**PROVIDED DATA:**
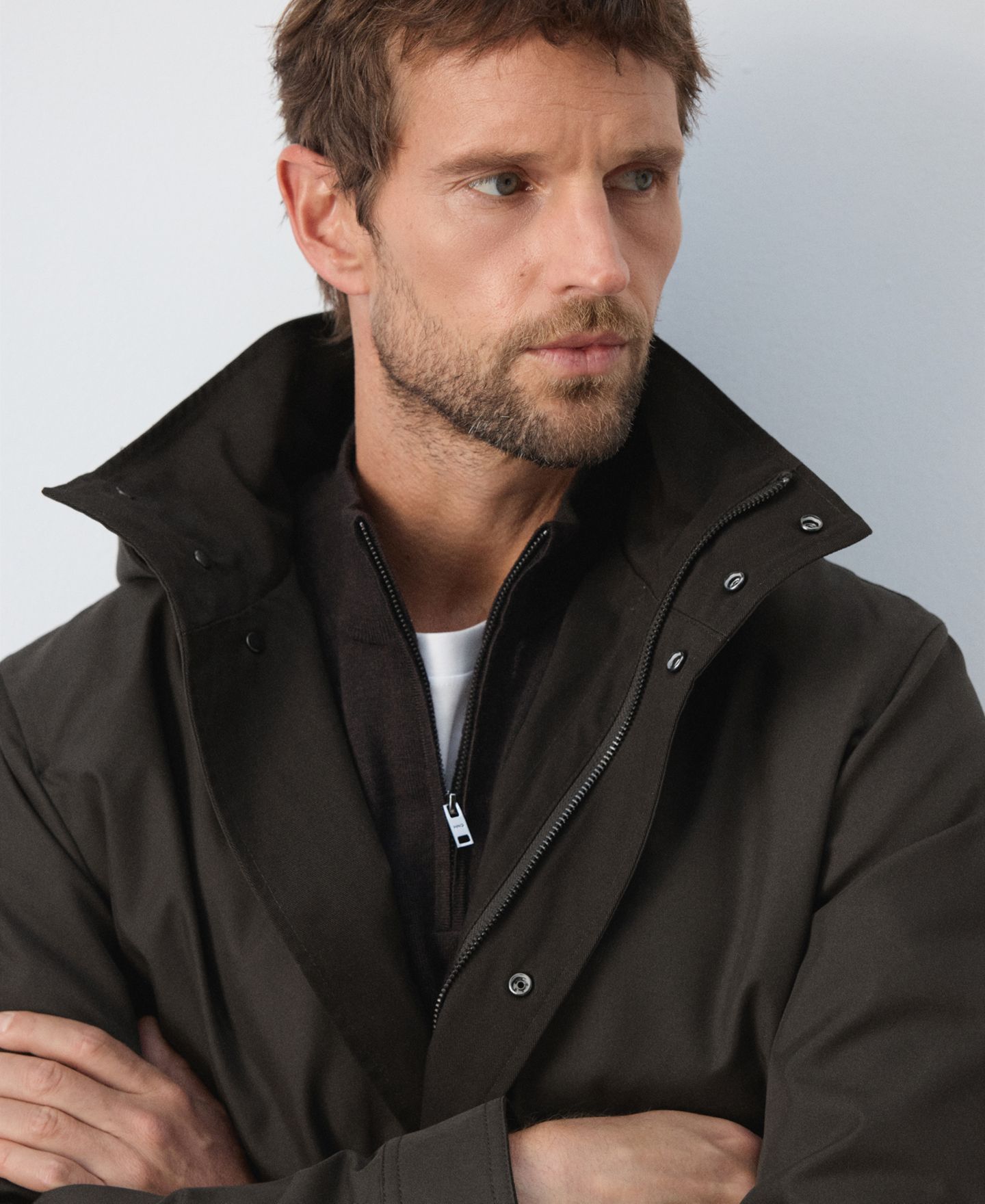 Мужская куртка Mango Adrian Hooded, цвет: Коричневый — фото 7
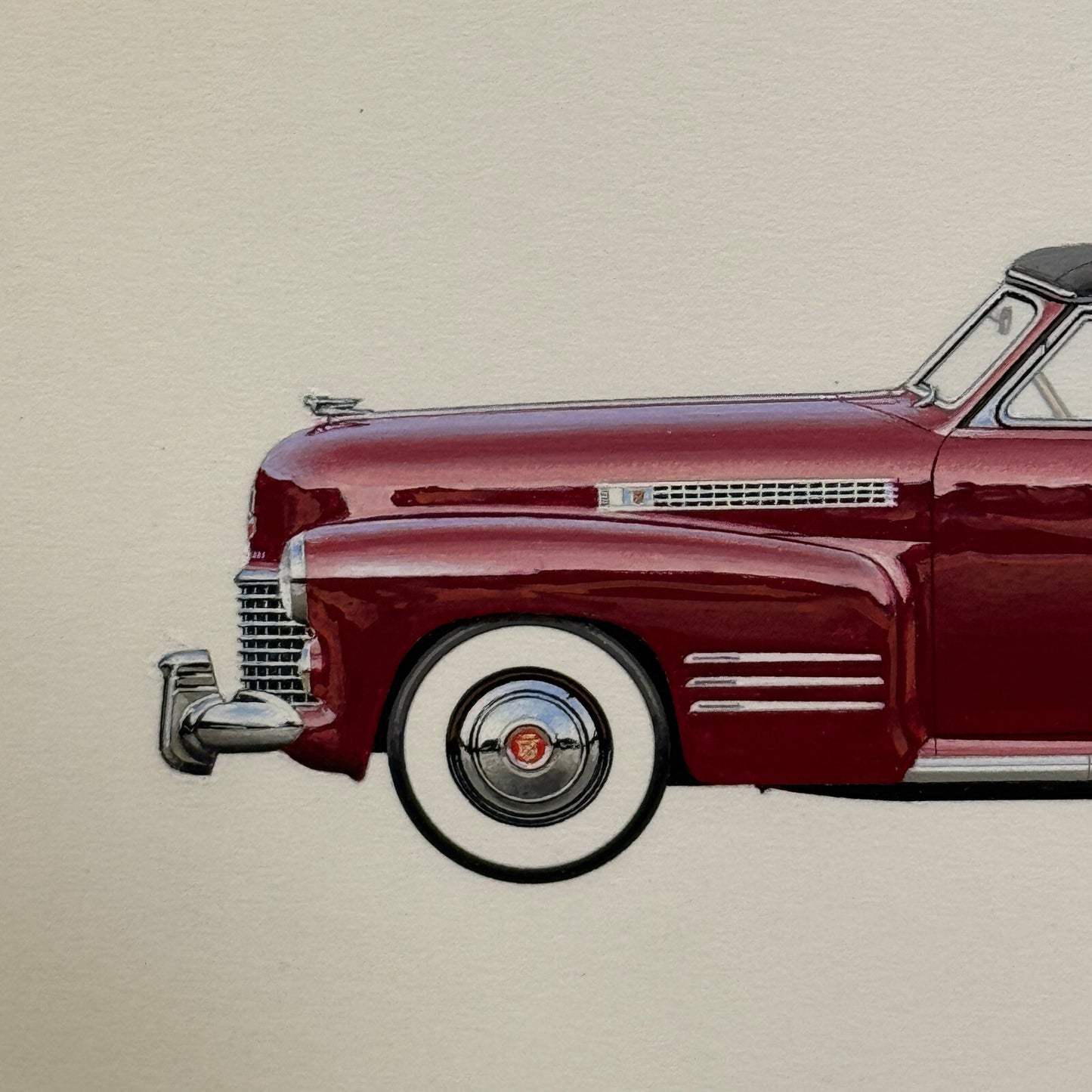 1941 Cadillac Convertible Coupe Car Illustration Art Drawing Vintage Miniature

...

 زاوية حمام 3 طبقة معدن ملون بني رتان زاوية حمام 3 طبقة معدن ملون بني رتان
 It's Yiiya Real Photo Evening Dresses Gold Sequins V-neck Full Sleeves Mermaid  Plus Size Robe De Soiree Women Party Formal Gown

**WORK REQUIRED:** Out of the data above, set down the lines from the one with "زاوية حمام 3 طبقة معدن ملون بني رتان زاوية" to the one with "It's Yiiya Real", both included, exactly as written and with no additions.

**ANSWER TO THIS TASK:**
 زاوية حمام 3 طبقة معدن ملون بني رتان زاوية حمام 3 طبقة معدن ملون بني رتان
 It's Yiiya Real Photo Evening Dresses Gold Sequins V-neck Full Sleeves Mermaid  Plus Size Robe De Soiree Women Party Formal Gown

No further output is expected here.